Orcas, according to the "Blackfish" film, are too sentient to be held in captivity. The film shows mother orcas making what can only be described as noises of agony when their young are take away from them.

SeaWorld dismisses the film's claims and said the bill is based on emotions and distortions from the film, according to The Associated Press.

"Representatives from SeaWorld and opponents of the bill argued that the money generated from millions of visitors to the parks helps support the much larger population of orcas in the wild and generates interest in marine life, providing close encounters between people and whales that would be unlikely otherwise," TIME.com reported.

But no action will be taken regarding AB2140 for at least a year. Lawmakers agreed to put the bill on hold until further study is conducted.

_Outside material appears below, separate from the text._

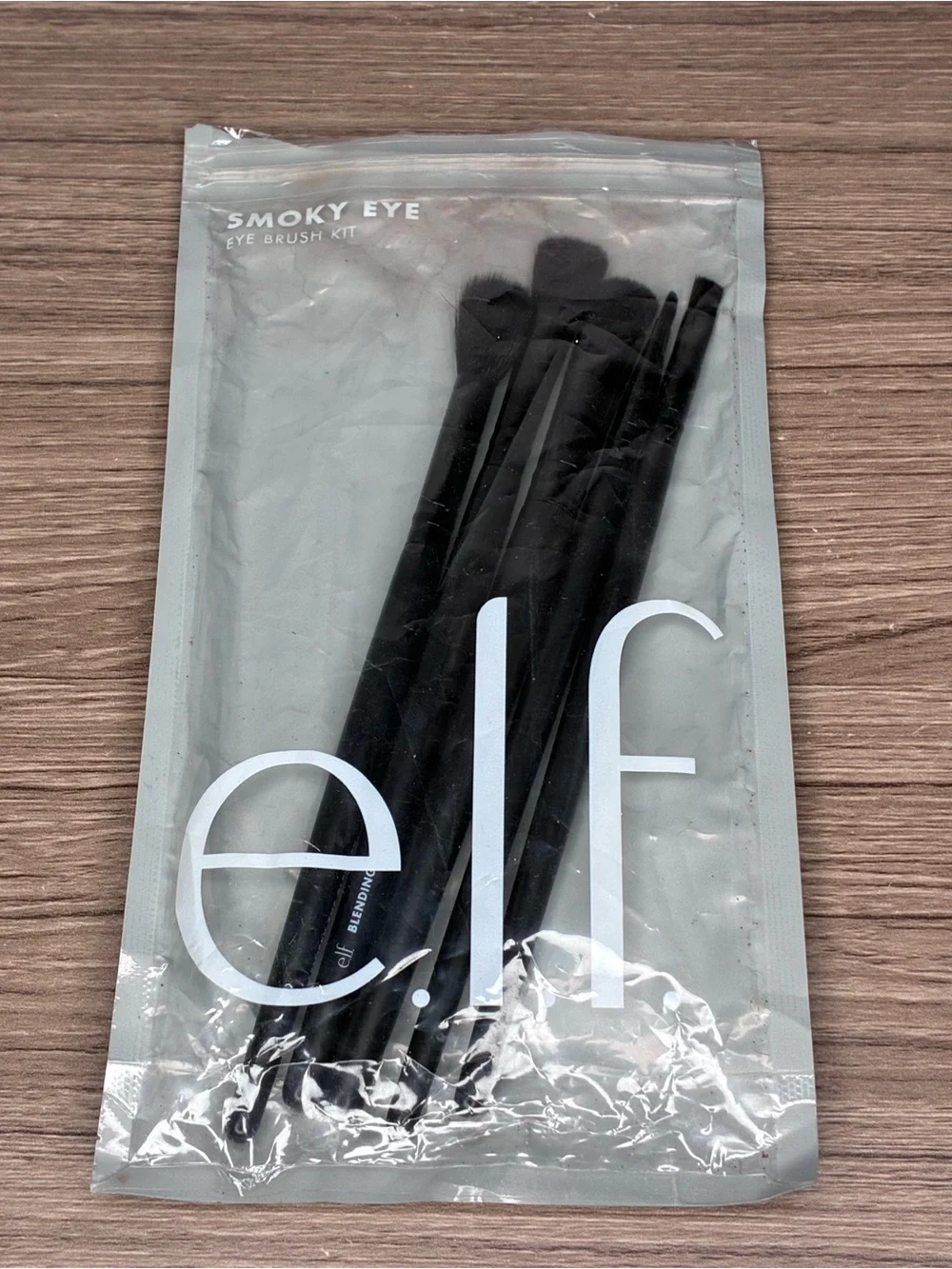 🐼 3/$25 GUC elf Smoky Eye Five Brush Kit - Black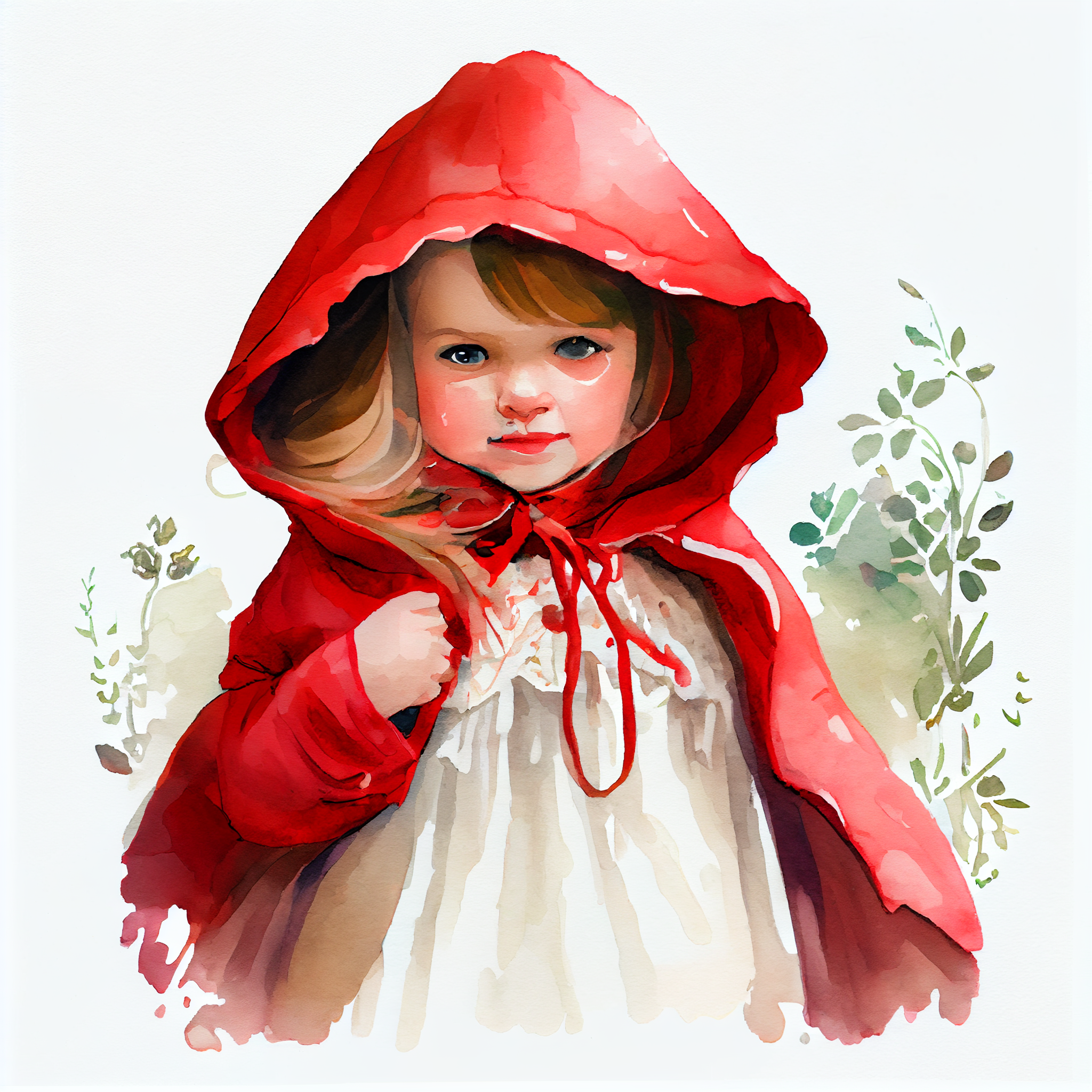 little red riding hood clipart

"It's clear that many committee members are simply unprepared to make a decision on the bill," the bill's author Democrat Richard Bloom of Santa Monica, told the AP.

"It's unfortunate that much of the conversation has been fueled ... by fear and invective and misinformation," Bloom said.

Had the bill been put into law, SeaWorld would have likely sent the 10 orcas it keeps at its San Diego park to SeaWorld properties outside the state, the AP reported, citing Scott Wetch, a SeaWorld lobbyist.

The study period will effectively keep the bill at bay until mid-2015, but animal rights activists are not treating the news as a defeat.

"We are pleased to see that the committee will further review this issue and help ensure SeaWorld finally comes to the table," said Naomi Rose a marine mammal scientist for the Animal Welfare Institute. "The science is clear - holding killer whales in captivity is harmful to the whales and to the trainers. The interim study mandated by the committee will provide further evidence of the need for this bill. We look forward to participating in this effort and excited to return next session to pass this bill into law."

Animal rights group PETA said writing is on the wall.

"The public has learned how orcas suffer psychologically, succumb to premature deaths, and lash out in frustration and aggression in SeaWorld's orca pits, and they've responded with lower attendance levels, public protests, and legislation. SeaWorld can take the year to figure out how to release the orcas into ocean sanctuaries," PETA said in a statement.